Chapter Nine, Tutorial Four
Very Elementary Abstract Algebra

We finish by showing how the logic we've developed is the basis for mathematical reasoning. We take one example: Group Theory.

Group theory is inspired by numbers but is not about them in particular. Instead, it pertains to many things including numbers. The idea is that certain interesting features of numbers are also true of quite different types of object. (We'll see examples later in this tutorial.) Any of these different types, is called a "group".

Now, what we'll do first is "abstract" these interesting features (just using our possibly vague memory of 7th grade number theory!) and express them in PLIF sentences. Together these sentences will give the definition of a group. Finally, when the sentences are taken as premises, we can derive conclusions about any group.

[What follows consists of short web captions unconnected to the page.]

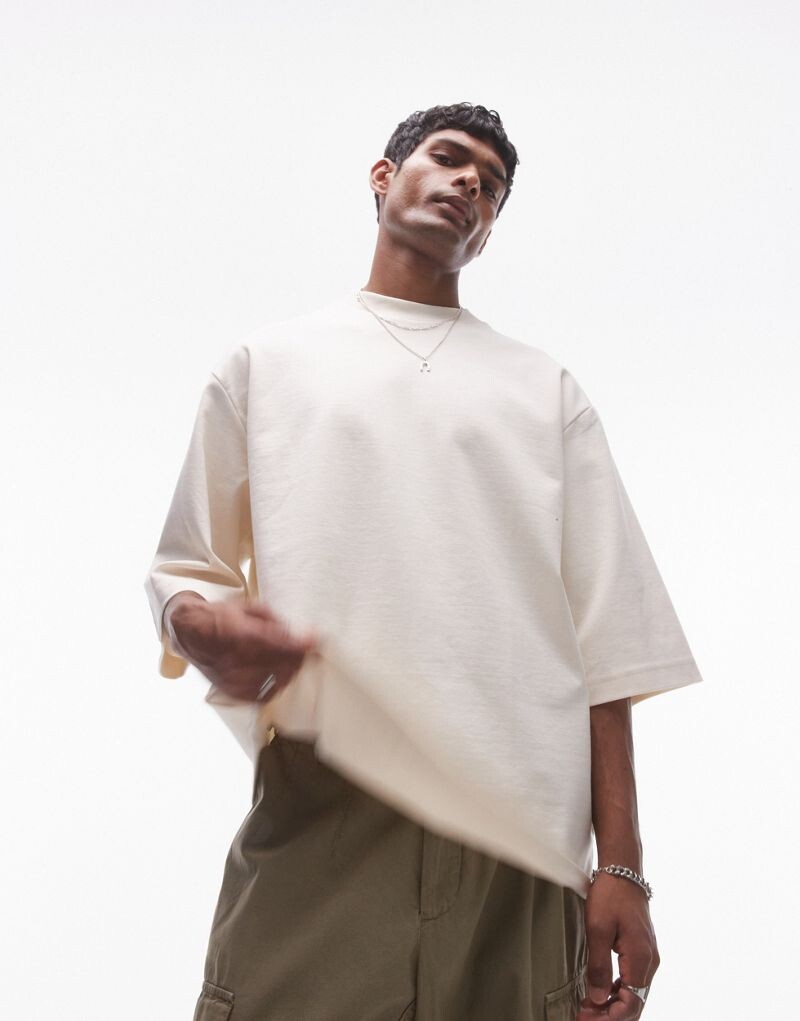 

Бежевая футболка оверсайз с короткими рукавами премиум-класса Topman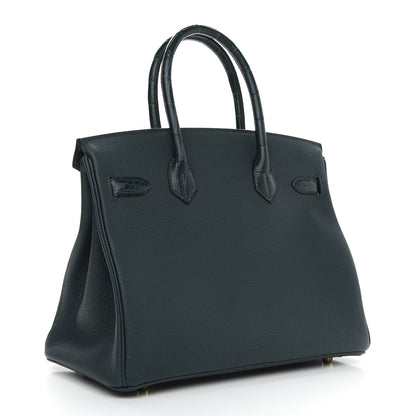 Hermes Togo Matte Alligator Birkin Touch 30 Vert Cypress 3 of 11
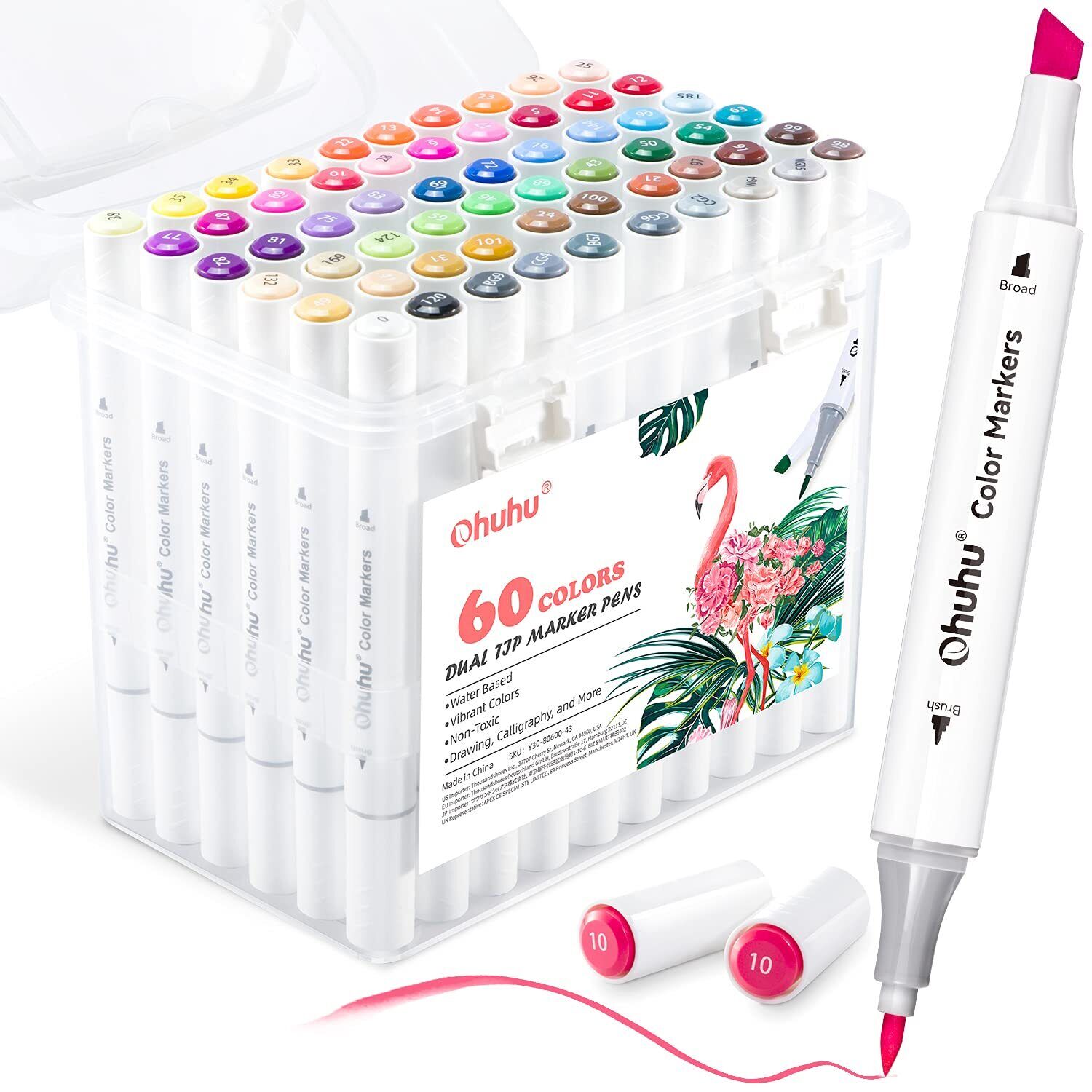 Ohuhu water-based marker art 59 colors 60 pieces with storage case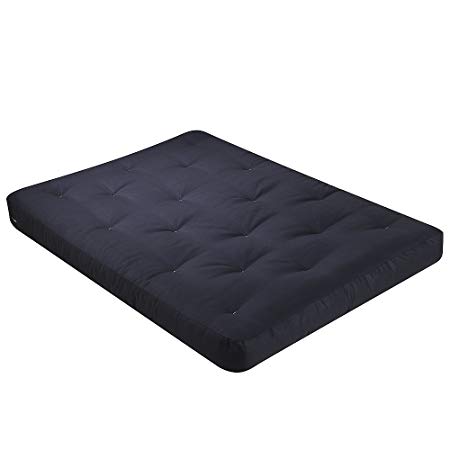 Serta Chestnut Double Sided Foam and Cotton Full Futon Mattress, Black, Made in the USA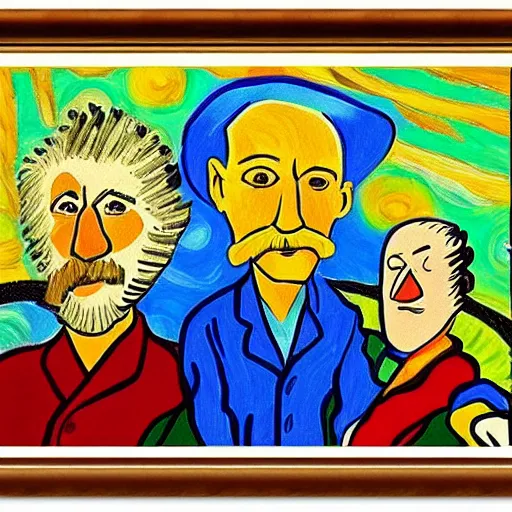 Image similar to pablo picaso painting in the style of van gogh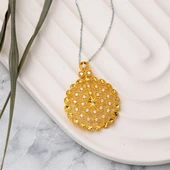 22 Ayar Yaşam Çiçeği Taşlı Altın Kolye Ucu thumbnail 3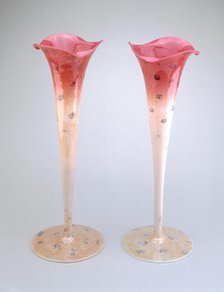 Pair of Agata Vases, c. 1887. Creator: New England Glass Company.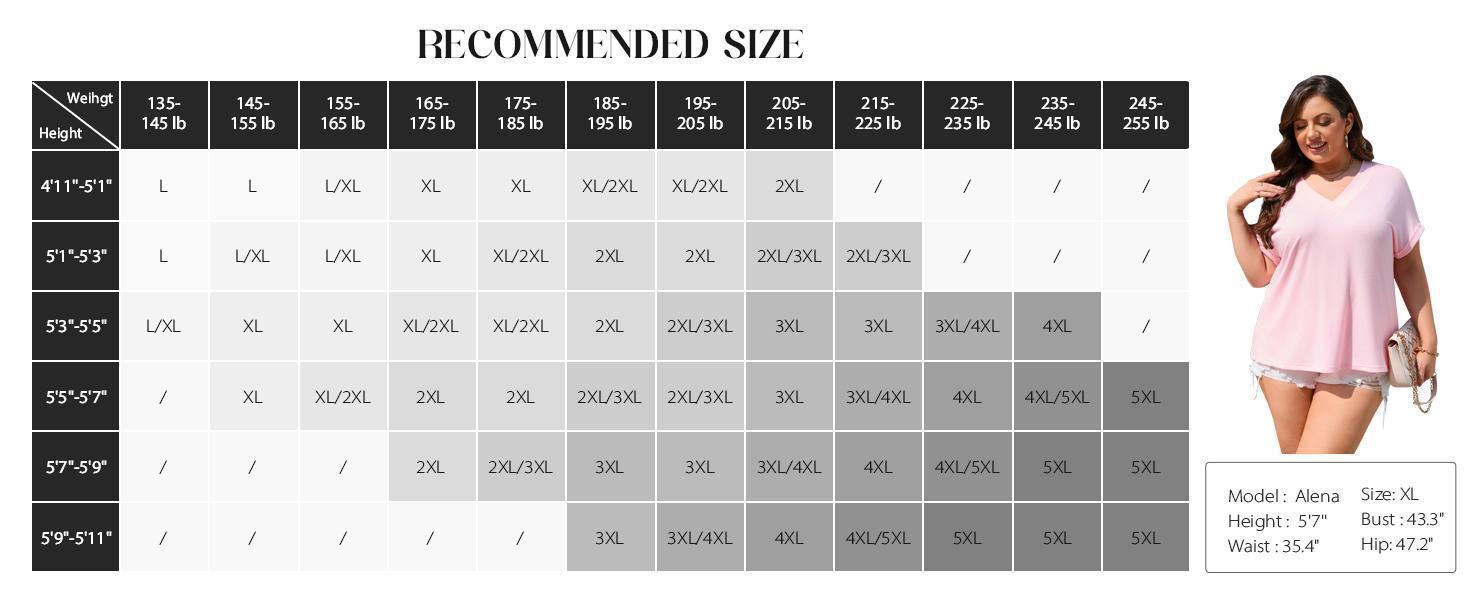 【XL-5XL】Imily Bela Curve Womens Plus Size V Neck T Shirts Short Sleeve Summer Dressy Casual Tunic Tops Loose Fit Tees Blouse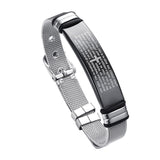 Maxbell 17.5-22cm Men Religious Prayer Black Cross Bracelet Stainless Steel Cuff Adjustable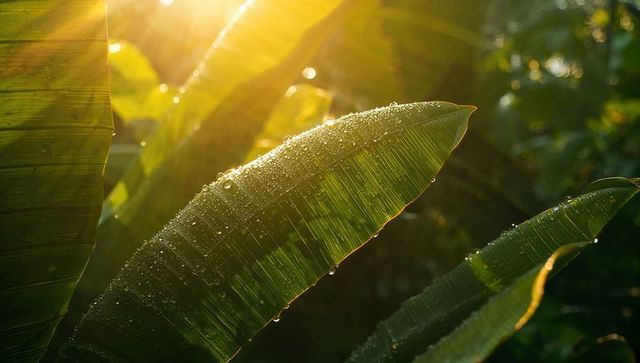 Dew-Covered Tropical Leaf Bathing in Morning Sunlight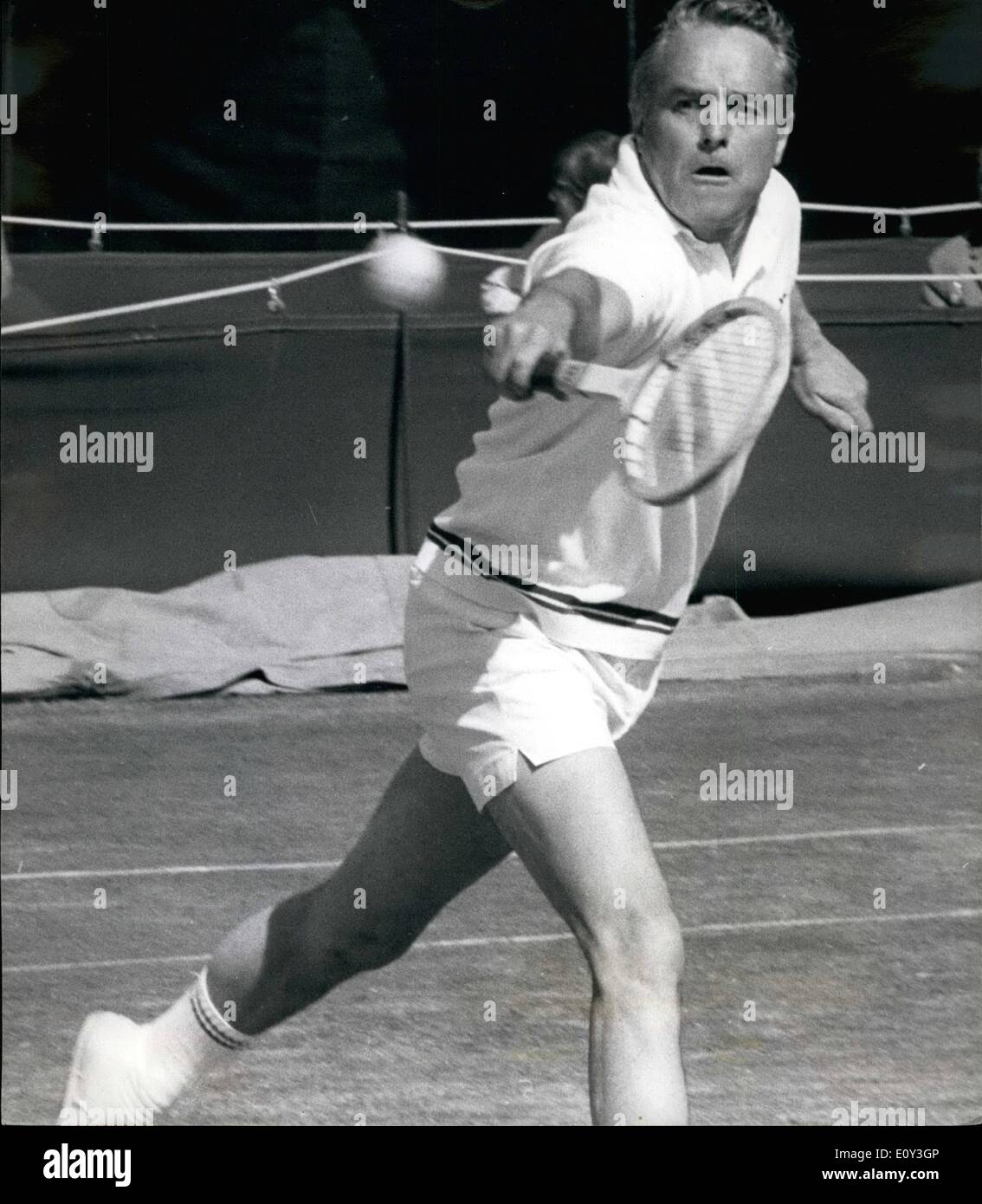 Czech-born Egyptian tennis player Jaroslav Drobny in action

Group theory can be stated with three "axioms" all of which involve a single two-place functor: '+'. This should make you think about addition: that will help you understand the axioms that follow. But we'll drop this way of thinking about '+' in a moment.) Also, we'll temporarily use the English/mathematical symbol for identity (it's much easier to read until we introduce some definitions). Then, the three premises (along with comments) are:

  1. (^x)(^y)(^z) x+(y+z) = (x+y)+z (The order of applying the '+' operation is immaterial)
  2. (%x)(^y) (x+y) = (y+x) = y (We may call the object x an identity element becuase it doesn't change y when '+' is applied to the two. We will prove that there is only one identity element for any group. Let's call it e.)
  3. (^x)(%y) (x+y) = (y+x) = e (y is the inverse of x: we will prove that there is only one such inverse for any x and call it -x.)

This is meant to be rather abstract. But to get a handle on what they mean, it's a good idea to think of a particular group: the set of integers {...-3,-2,-1,0,1,2,3...} along with the operation of addition.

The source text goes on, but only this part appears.